BEGIN RECORDS FOR THIS TASK

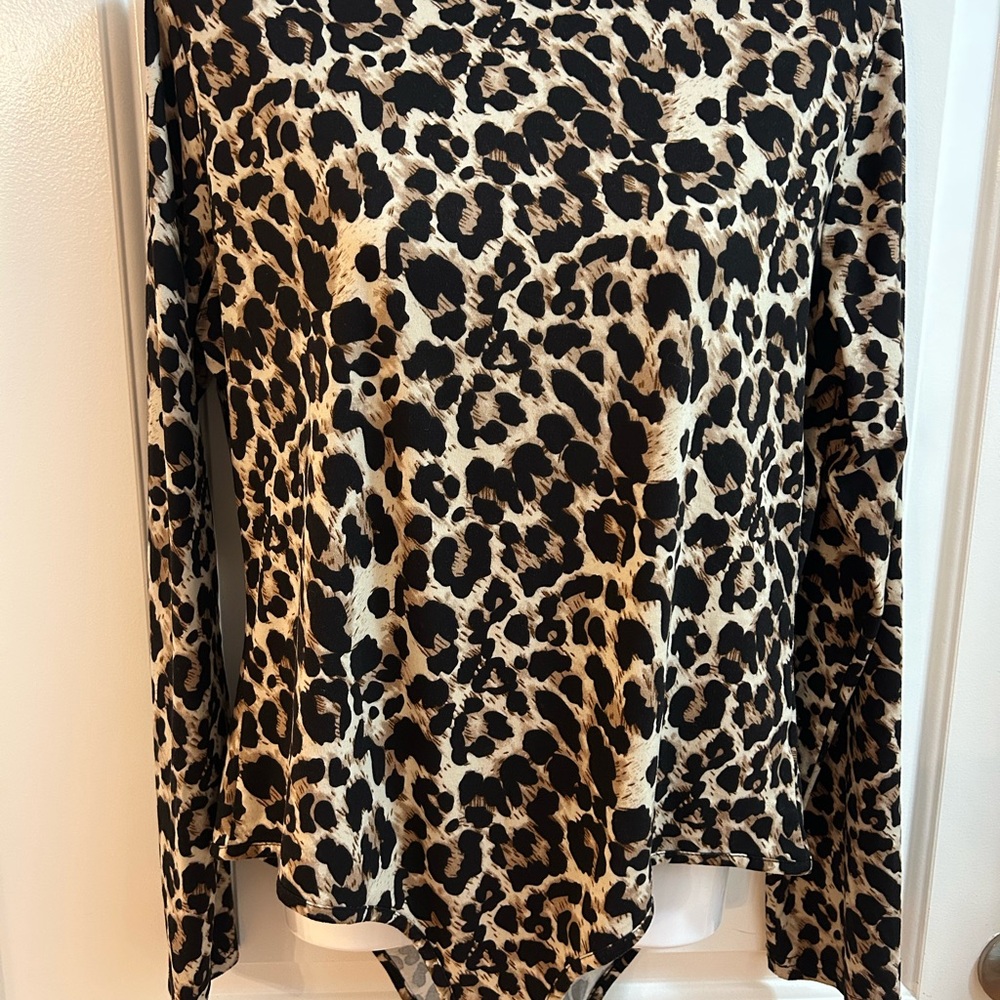 Leopard Print Long Sleeve Women's Top bodysuit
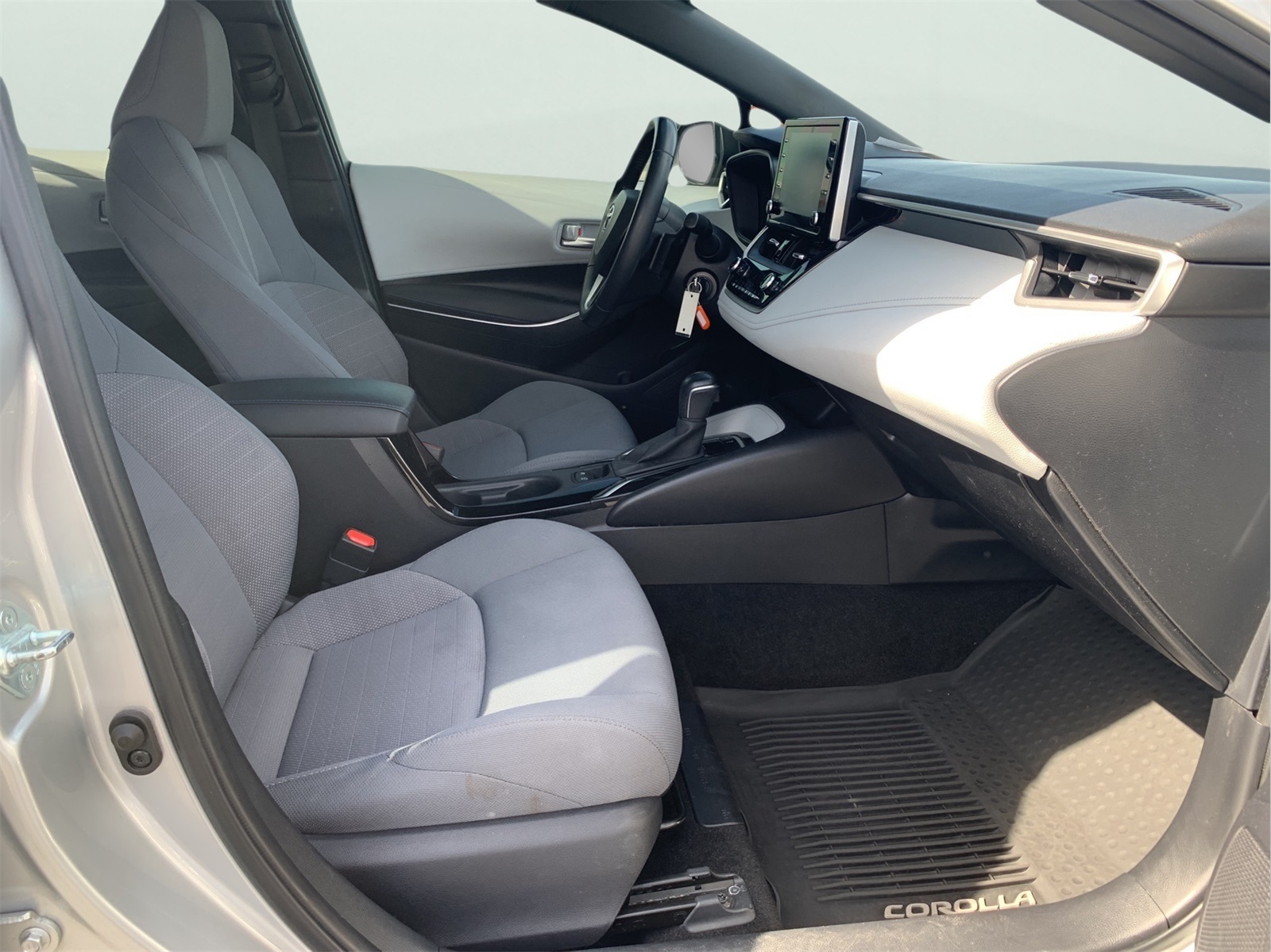 2020 Toyota Corolla SE photo 32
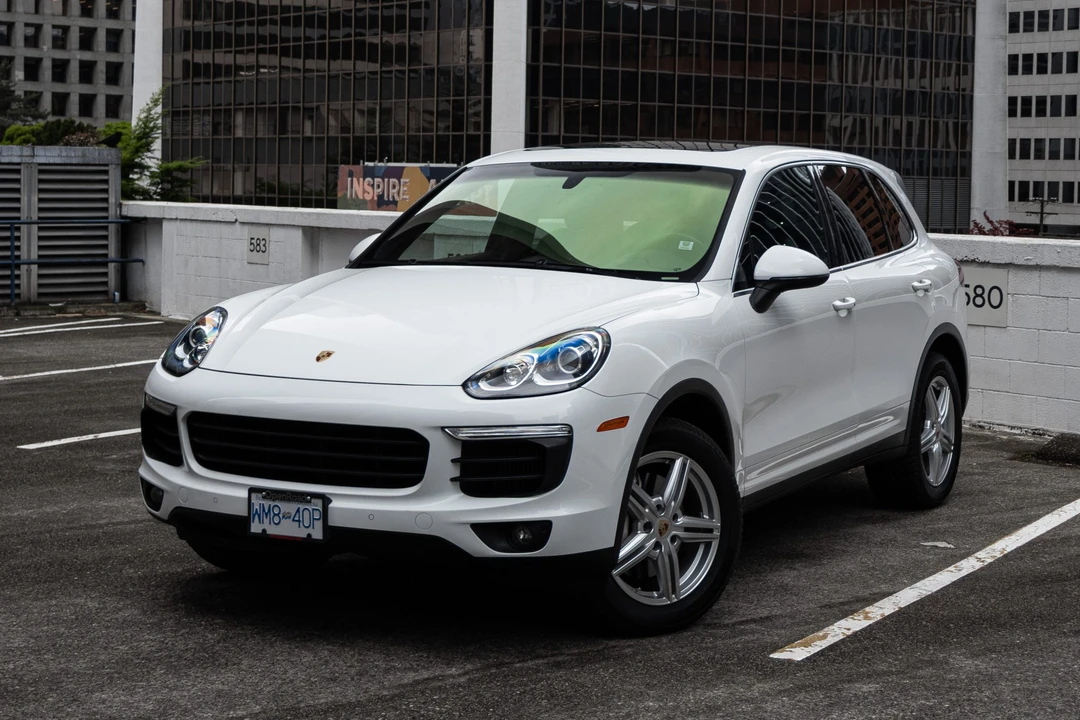 2015 Porsche 958 Cayenne S - Image 6 of 31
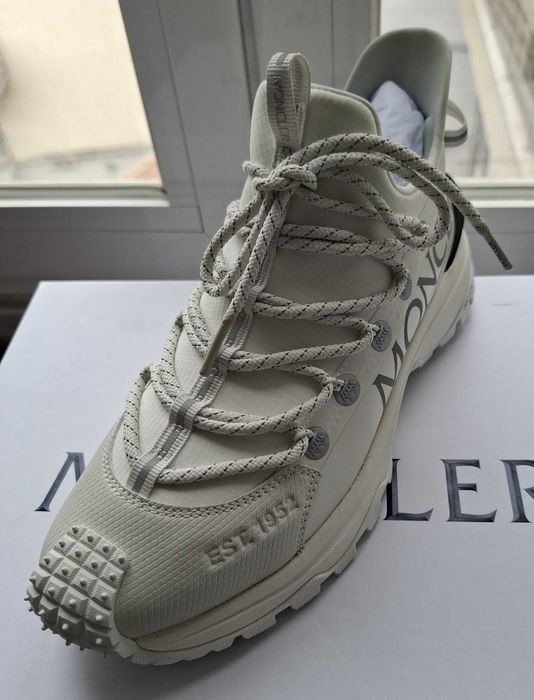 Sneakers novos brancos Moncler 40 - SALDO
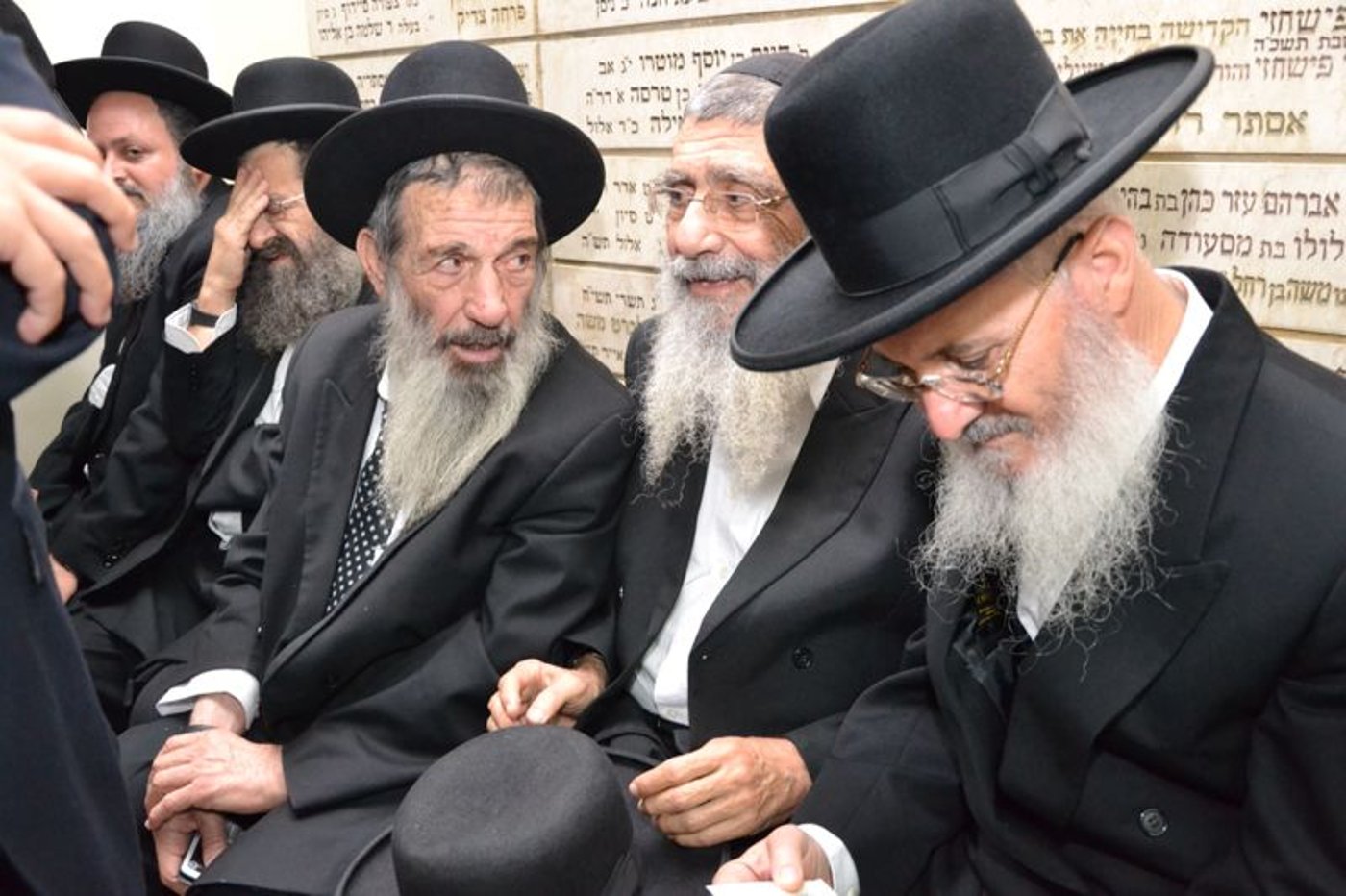 מסע הלווית מרן הגאון רבי עובדיה יוסף זצ"ל • גלריה מתעדכנת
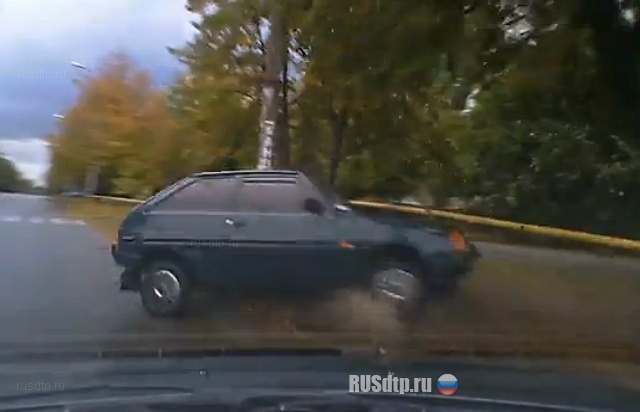 Зато обогнал... Зато обогнал…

END RECORDS FOR THIS TASK

### WHAT IS BEING ASKED
I need the lines from the one holding "2020 Toyota Corolla SE photo 32" through the last line of the entries set down exactly, with every picture left out.

### EXERCISE SOLUTION
 2020 Toyota Corolla SE photo 32
 2015 Porsche 958 Cayenne S - Image 6 of 31
 Sneakers novos brancos Moncler 40 - SALDO
 מסע הלווית מרן הגאון רבי עובדיה יוסף זצ"ל • גלריה מתעדכנת
 Зато обогнал... Зато обогнал…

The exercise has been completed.